Beyond Bingo: The Heart of Healthcare Heroes

February 2, 2024

“My husband came to visit me, and he found me working on a puzzle with a resident. He asked me later, ‘Do you really get paid to play puzzles?’ and I said, ‘I do, but it’s so much more than that! I once had a resident who would get easily overwhelmed, emotional, and then shut down and just stay in their room. But I could sit with them, and we would work on a puzzle, and I would ask them questions about themselves, and that slowly started to pull them out of their shell. They started to call people and write letters to their friends and got out of that isolation.” – Michelle M., Keizer Court, Activities Director

Games and play are often considered as activities for children. However, numerous case studies and the National Institute of Play suggest that play is vital for the health and well-being of individuals at any age. In January, we celebrated Activities Professional Week where we recognized the contributions of Activities Directors and their teams. I had the opportunity to talk to our activities professionals about their work, the misconceptions surrounding it, and why they love it! They explained that games and play go beyond mere entertainment and are integral to promoting health and wellness.

Let’s explore one of the significant misunderstandings about their invaluable profession: “All they do is play games”

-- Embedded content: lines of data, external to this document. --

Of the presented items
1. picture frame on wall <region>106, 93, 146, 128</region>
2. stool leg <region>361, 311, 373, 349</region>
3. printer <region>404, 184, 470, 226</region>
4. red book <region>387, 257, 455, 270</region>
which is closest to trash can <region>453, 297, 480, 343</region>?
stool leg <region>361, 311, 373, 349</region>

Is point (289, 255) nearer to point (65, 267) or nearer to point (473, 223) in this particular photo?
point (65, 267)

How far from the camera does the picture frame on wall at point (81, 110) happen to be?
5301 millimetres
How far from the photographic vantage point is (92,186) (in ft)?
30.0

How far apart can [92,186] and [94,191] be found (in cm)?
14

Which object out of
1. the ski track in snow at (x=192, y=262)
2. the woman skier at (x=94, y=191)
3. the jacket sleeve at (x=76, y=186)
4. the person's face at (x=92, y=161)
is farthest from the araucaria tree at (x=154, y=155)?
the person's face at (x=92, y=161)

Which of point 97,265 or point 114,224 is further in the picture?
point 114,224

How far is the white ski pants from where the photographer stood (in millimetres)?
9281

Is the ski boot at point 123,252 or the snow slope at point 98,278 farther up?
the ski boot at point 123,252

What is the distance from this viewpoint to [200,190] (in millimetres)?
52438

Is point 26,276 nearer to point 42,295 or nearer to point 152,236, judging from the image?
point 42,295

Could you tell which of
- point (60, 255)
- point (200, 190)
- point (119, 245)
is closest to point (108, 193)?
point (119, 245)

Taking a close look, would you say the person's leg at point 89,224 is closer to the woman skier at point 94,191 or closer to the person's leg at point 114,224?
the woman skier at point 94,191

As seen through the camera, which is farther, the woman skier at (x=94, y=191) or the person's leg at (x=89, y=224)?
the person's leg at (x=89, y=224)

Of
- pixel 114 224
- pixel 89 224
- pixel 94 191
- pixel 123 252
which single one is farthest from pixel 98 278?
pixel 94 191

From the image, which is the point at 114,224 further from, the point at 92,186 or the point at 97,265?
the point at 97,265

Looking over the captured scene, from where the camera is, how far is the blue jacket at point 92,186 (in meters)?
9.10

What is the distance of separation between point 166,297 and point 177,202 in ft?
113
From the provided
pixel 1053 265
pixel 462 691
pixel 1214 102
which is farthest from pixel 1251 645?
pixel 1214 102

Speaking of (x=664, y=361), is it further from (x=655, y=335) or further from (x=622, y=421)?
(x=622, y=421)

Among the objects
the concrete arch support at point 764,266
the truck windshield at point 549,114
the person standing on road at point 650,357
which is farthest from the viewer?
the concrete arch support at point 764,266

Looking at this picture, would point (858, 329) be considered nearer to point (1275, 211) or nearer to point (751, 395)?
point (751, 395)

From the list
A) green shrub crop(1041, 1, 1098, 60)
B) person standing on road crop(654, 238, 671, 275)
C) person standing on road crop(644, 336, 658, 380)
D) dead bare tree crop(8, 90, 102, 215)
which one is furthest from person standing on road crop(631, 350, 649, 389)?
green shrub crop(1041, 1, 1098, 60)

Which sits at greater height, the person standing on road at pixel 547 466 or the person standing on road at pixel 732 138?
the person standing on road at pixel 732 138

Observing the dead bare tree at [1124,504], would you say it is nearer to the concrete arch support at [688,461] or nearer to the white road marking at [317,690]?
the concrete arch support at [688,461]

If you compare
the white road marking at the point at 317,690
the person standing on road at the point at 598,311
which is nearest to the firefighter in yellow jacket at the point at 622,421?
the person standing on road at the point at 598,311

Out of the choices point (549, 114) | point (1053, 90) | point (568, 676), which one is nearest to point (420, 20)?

Activities Professionals are not just responsible for organizing games and recreational activities. They play a vital role as valued members of the interdisciplinary healthcare team. They actively participate in providing comprehensive patient care from the moment a patient is admitted, addressing their social, psychosocial, and physical needs through an extensive range of activities. In addition to organizing recreational activities, they act as coordinators for important communication channels such as resident councils and family councils, ensuring feedback and mutual understanding is systematic and effective. Activities Directors not only help residents re-establish relationships and a sense of community, but they also serve as the lynchpin that connects the staff within each facility as a united team. Their multifaceted contributions make them true Healthcare Heroes, transforming play into a powerful tool for holistic well-being.

When someone lands in a nursing facility or long-term care, they are suddenly removed from all of their usual activities, communities, and relationships. Activity Professionals use games and activities to help bridge the gap between normal life and life at a nursing facility. Activities provide a space for community, connection, problem-solving, and pro-mental health activity.

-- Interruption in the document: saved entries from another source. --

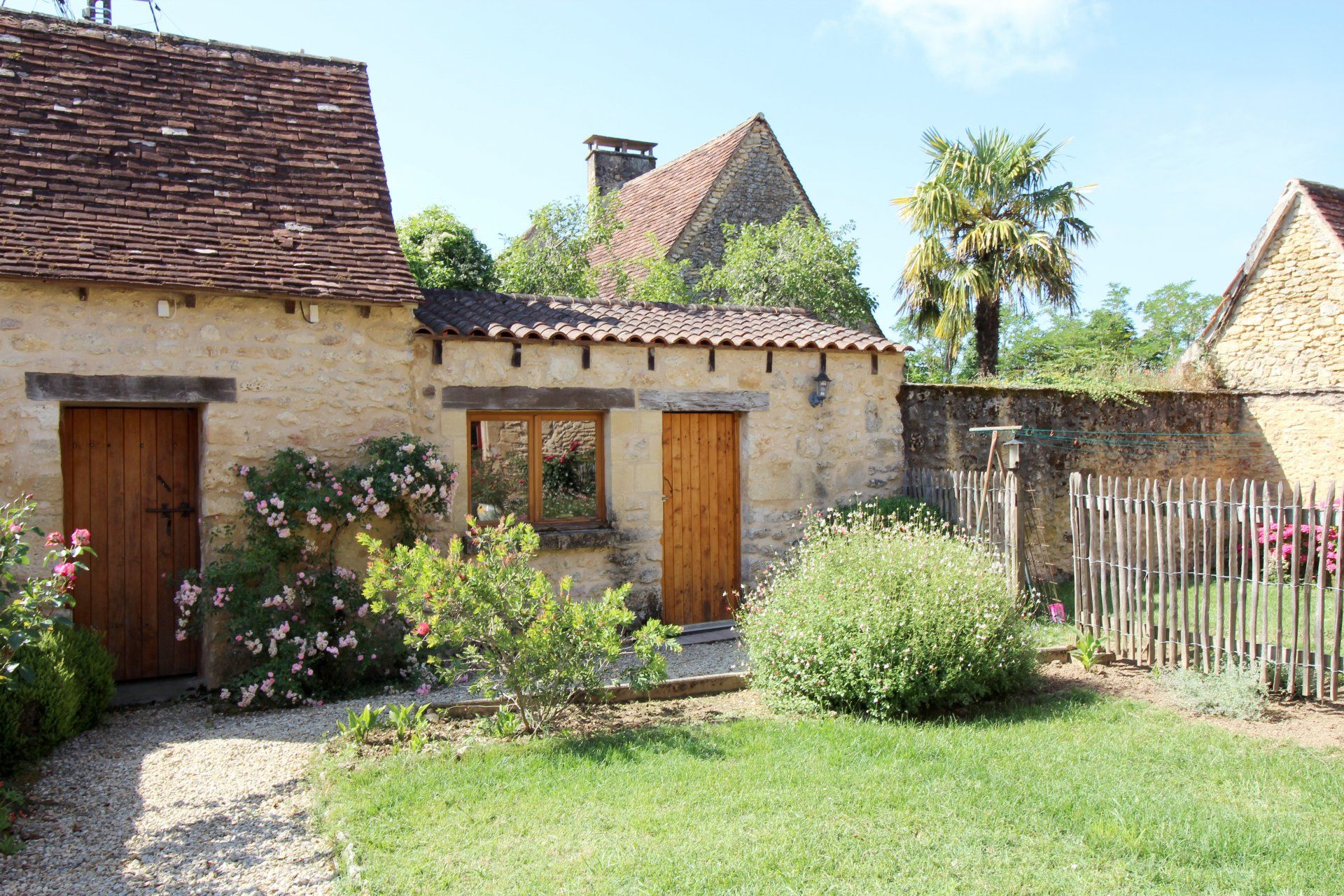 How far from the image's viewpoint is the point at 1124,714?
5555 millimetres

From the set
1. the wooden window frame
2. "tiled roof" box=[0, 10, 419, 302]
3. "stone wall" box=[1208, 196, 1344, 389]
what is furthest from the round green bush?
"stone wall" box=[1208, 196, 1344, 389]

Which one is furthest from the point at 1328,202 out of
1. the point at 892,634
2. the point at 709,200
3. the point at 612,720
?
the point at 612,720

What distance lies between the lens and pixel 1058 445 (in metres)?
10.5

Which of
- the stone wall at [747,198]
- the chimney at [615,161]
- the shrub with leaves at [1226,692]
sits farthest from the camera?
the chimney at [615,161]

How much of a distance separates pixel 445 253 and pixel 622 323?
4875 mm

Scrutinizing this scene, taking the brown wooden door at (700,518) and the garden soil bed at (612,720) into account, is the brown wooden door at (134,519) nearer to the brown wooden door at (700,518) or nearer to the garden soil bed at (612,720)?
the garden soil bed at (612,720)

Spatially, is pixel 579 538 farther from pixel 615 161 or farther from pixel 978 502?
pixel 615 161

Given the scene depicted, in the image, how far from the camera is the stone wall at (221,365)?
20.2ft

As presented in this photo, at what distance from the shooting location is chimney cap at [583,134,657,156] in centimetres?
1986

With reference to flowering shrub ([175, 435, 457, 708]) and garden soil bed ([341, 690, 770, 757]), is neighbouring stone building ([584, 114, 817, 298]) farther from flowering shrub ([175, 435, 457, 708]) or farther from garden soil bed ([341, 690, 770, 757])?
garden soil bed ([341, 690, 770, 757])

From movie nights, snack carts, karaoke, pet-therapy, art projects, to good old-fashioned bingo, each activity is carefully considered and planned based on popularity and patient needs. Not everyone wants to come out of their room and participate in a group activity. Activity professionals visit patients in their rooms to engage them in puzzles, trivia, and reading fun facts or customized activities for better connection and engagement.

“I had one resident who didn’t know how to get their stories out to their family. They have 11 kids who are scattered across the world. So I got a tape recorder, and we started recording her telling her stories so she could send them to her family.” – Michelle M., Keizer Court, Activities Director

Activities Professionals are responsible for organizing activities and events not only for the residents but also for the staff. They bring people together as a team and work towards building a positive work environment. For instance, Shirlene is an Activities professional who is always ready to help her team wherever she is needed. During the recent winter storm, she arrived early at work to provide a special quiche breakfast for the residents anticipating that staff would face difficulties in reaching the facility. Similarly, Michelle, who has over 20 years of CNA experience, is known as “Google” among her colleagues for her willingness to assist in any way she can to ensure the residents receive the best care and her team is supported.

Beyond Events

Did you know that being an Activities Professional is not just about having fun and organizing exciting events for patients and residents? In fact, the job involves a surprising amount of paperwork and computer work! Every time a new patient or resident is admitted, they get an Activities interview to assess how to best engage with them during their stay. The Activities Professional then plans out all of the group and individual activities and is responsible for documenting everything they plan to happen and everything that has happened. So, it’s not just about having fun and games, but it’s also about meticulous planning and keeping track of all the details. It may not be the most glamorous part of the job, but it’s certainly an essential one!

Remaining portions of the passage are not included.